- _Task data_:
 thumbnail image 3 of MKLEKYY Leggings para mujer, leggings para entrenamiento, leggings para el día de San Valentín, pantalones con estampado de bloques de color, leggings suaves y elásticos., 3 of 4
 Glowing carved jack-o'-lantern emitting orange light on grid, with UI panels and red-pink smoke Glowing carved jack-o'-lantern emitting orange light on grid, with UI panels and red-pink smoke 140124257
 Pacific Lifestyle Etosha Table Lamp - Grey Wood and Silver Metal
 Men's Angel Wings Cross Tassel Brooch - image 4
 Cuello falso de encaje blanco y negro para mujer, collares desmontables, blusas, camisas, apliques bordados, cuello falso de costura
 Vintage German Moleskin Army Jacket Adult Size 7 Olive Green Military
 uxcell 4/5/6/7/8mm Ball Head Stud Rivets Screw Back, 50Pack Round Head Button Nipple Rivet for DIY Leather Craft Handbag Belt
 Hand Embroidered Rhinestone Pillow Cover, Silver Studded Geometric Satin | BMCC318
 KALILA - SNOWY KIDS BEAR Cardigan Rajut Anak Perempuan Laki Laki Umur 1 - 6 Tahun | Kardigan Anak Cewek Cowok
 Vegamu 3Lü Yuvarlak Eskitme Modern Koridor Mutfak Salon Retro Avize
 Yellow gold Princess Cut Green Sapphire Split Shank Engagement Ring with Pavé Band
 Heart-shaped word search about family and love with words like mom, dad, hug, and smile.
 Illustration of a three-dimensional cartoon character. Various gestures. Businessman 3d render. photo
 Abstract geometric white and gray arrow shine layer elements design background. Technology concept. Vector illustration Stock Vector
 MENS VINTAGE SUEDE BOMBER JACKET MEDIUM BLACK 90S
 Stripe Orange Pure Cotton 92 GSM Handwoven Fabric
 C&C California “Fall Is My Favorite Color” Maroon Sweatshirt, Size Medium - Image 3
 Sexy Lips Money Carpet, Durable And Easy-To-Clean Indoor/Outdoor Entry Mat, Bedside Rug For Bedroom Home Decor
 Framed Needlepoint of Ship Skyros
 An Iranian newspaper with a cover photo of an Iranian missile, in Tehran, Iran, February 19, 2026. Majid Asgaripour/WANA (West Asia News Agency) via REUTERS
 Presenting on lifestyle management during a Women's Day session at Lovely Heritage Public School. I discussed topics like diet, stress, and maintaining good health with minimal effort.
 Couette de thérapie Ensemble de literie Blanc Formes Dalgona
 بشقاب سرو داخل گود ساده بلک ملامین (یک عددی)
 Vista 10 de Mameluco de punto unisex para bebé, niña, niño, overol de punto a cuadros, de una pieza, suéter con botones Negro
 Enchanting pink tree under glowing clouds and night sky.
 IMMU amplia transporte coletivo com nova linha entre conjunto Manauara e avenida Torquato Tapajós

- _What is needed_:
Up to and including the line that contains "An Iranian newspaper", output the records above exactly, beginning with their first line.

- _Written answer_:
 thumbnail image 3 of MKLEKYY Leggings para mujer, leggings para entrenamiento, leggings para el día de San Valentín, pantalones con estampado de bloques de color, leggings suaves y elásticos., 3 of 4
 Glowing carved jack-o'-lantern emitting orange light on grid, with UI panels and red-pink smoke Glowing carved jack-o'-lantern emitting orange light on grid, with UI panels and red-pink smoke 140124257
 Pacific Lifestyle Etosha Table Lamp - Grey Wood and Silver Metal
 Men's Angel Wings Cross Tassel Brooch - image 4
 Cuello falso de encaje blanco y negro para mujer, collares desmontables, blusas, camisas, apliques bordados, cuello falso de costura
 Vintage German Moleskin Army Jacket Adult Size 7 Olive Green Military
 uxcell 4/5/6/7/8mm Ball Head Stud Rivets Screw Back, 50Pack Round Head Button Nipple Rivet for DIY Leather Craft Handbag Belt
 Hand Embroidered Rhinestone Pillow Cover, Silver Studded Geometric Satin | BMCC318
 KALILA - SNOWY KIDS BEAR Cardigan Rajut Anak Perempuan Laki Laki Umur 1 - 6 Tahun | Kardigan Anak Cewek Cowok
 Vegamu 3Lü Yuvarlak Eskitme Modern Koridor Mutfak Salon Retro Avize
 Yellow gold Princess Cut Green Sapphire Split Shank Engagement Ring with Pavé Band
 Heart-shaped word search about family and love with words like mom, dad, hug, and smile.
 Illustration of a three-dimensional cartoon character. Various gestures. Businessman 3d render. photo
 Abstract geometric white and gray arrow shine layer elements design background. Technology concept. Vector illustration Stock Vector
 MENS VINTAGE SUEDE BOMBER JACKET MEDIUM BLACK 90S
 Stripe Orange Pure Cotton 92 GSM Handwoven Fabric
 C&C California “Fall Is My Favorite Color” Maroon Sweatshirt, Size Medium - Image 3
 Sexy Lips Money Carpet, Durable And Easy-To-Clean Indoor/Outdoor Entry Mat, Bedside Rug For Bedroom Home Decor
 Framed Needlepoint of Ship Skyros
 An Iranian newspaper with a cover photo of an Iranian missile, in Tehran, Iran, February 19, 2026. Majid Asgaripour/WANA (West Asia News Agency) via REUTERS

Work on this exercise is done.